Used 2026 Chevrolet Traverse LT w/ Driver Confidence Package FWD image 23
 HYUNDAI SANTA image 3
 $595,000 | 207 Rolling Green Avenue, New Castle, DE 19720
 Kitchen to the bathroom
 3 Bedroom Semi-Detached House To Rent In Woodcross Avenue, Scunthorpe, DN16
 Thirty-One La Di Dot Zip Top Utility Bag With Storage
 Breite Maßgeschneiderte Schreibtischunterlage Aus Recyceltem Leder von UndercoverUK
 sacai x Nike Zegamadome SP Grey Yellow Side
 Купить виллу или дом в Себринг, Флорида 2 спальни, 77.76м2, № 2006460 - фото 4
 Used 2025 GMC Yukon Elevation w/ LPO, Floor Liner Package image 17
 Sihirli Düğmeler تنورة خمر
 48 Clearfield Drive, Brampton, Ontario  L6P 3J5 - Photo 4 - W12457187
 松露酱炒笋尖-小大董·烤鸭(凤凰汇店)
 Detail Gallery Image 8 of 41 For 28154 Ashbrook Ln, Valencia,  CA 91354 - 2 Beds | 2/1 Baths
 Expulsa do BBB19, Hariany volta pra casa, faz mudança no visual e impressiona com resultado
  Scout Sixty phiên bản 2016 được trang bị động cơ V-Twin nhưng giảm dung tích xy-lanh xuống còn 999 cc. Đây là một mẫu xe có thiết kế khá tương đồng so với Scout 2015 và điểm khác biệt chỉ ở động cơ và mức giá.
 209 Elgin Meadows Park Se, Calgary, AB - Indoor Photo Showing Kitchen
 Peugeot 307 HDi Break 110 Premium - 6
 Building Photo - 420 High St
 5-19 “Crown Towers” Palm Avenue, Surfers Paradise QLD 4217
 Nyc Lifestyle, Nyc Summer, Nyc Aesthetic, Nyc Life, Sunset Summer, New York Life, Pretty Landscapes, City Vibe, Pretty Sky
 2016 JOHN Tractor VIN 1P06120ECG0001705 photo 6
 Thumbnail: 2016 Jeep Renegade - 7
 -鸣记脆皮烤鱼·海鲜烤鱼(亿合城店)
■ ■ ■ ■ ■
# Task description
Your task is to output exactly the lines running from the one with "Scout Sixty phiên" through the final line of the material above, with both ends included.

# Solution for this problem
  Scout Sixty phiên bản 2016 được trang bị động cơ V-Twin nhưng giảm dung tích xy-lanh xuống còn 999 cc. Đây là một mẫu xe có thiết kế khá tương đồng so với Scout 2015 và điểm khác biệt chỉ ở động cơ và mức giá.
 209 Elgin Meadows Park Se, Calgary, AB - Indoor Photo Showing Kitchen
 Peugeot 307 HDi Break 110 Premium - 6
 Building Photo - 420 High St
 5-19 “Crown Towers” Palm Avenue, Surfers Paradise QLD 4217
 Nyc Lifestyle, Nyc Summer, Nyc Aesthetic, Nyc Life, Sunset Summer, New York Life, Pretty Landscapes, City Vibe, Pretty Sky
 2016 JOHN Tractor VIN 1P06120ECG0001705 photo 6
 Thumbnail: 2016 Jeep Renegade - 7
 -鸣记脆皮烤鱼·海鲜烤鱼(亿合城店)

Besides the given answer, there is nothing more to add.